Can You Have a Negative Accounts Receivable in Accounting?
You can never have negative accounts receivable in accounting. Also known as customer receivables, accounts receivable constitute money a business expects to receive from clients. If the business doesn't sell merchandise or provide services, it has no account receivable. The bad debt account reduces the customer receivables account, but it never brings the account's balance below zero.
-
Mechanics
-
When a company delivers goods or provides services to a client, a bookkeeper posts a specific journal entry, depending on the transaction. If it's a credit sale, the bookkeeper debits the customer receivables account and credits the sales revenue account. If the transaction is a cash-on-delivery deal, the bookkeeper debits the cash account. This accounting practice of debiting cash has an incremental effect on company money, unlike the banking habit of debiting customers' accounts to reduce their balances.

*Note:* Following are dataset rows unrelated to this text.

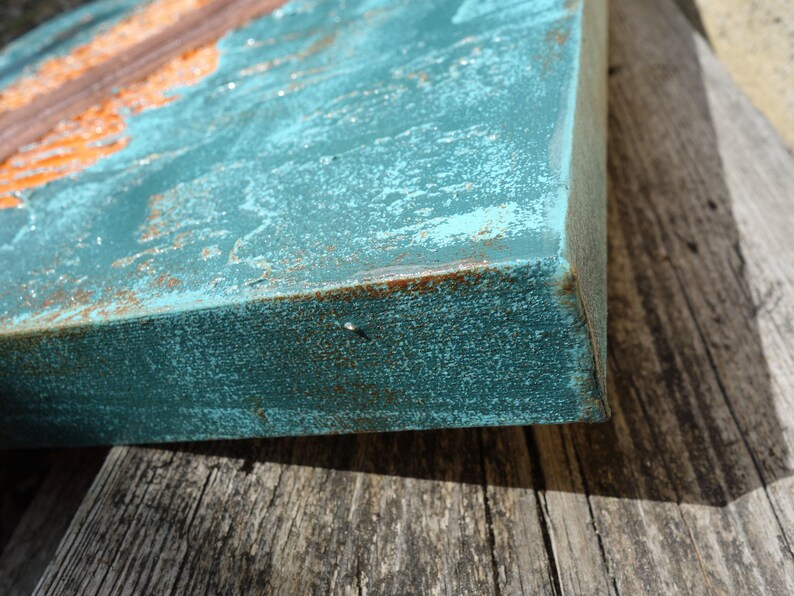 a close-up view of a weathered, blue-green surface with a rust-colored element, possibly a metal or metal-like material, attached to it. The surface appears to be a wooden board or piece of wood, with a rough, textured appearance.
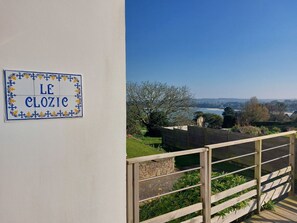 Un balcone con vista su un paesaggio costiero, un cartello con la scritta 'LE CLOZIC' e un muro in pietra.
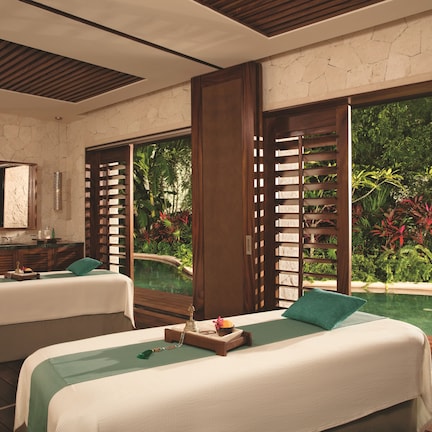 A spa room with two beds, a stone wall, a large window, and a view of greenery.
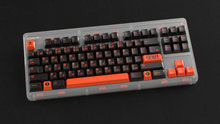 Load image into Gallery viewer, render of GMK CYL Kaiju R3 Kaiju Dark on a clear CLASSIC-TKL angled on a black background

Spotting Repayment Trouble
-
When a customer is unsuccessfully coping with economic tedium, a business may either record the client's account as noncollectible or charge it off outright. The latter scenario, albeit drastic, might be necessary if there's no hope of recovering part or all of the balance owed. Classifying a patron's account as noncollectible calls for the account's transfer into the "bad debt" category -- a scenario that enables in-house credit managers to initiate the long and often tedious task of talking to the client and pondering ways to recover the receivable.
-
Bookkeeping
-
To record a noncollectible account, a junior accountant -- the other name for a bookkeeper or accountant trainee -- debits the bad debt expense account and credits the "allowance for doubtful items" account. As a contra-asset account, the latter item reduces the customer receivables account and might bring it down to zero, but never into negative territory. To charge a customer's account outright, an accountant trainee debits the bad debt expense account and credits the customer receivables account.
Financial Reporting
-
Accounts receivable transactions touch on a company's bookkeeping gamut, from assets and expenses to revenues, liabilities and equity items. Customer receivables and the "allowance for doubtful items" account are integral to a statement of financial position, also referred to as a statement of financial condition or balance sheet. Bad debt makes it into a statement of profit and loss, a phrase synonymous with "statement of income," "P&L" and "income statement." Noncollectible accounts increase company expenses and reduce net income, a duality that ultimately has an adverse effect on retained earnings -- which are integral to a report on changes in shareholders' equity, also known as an equity statement.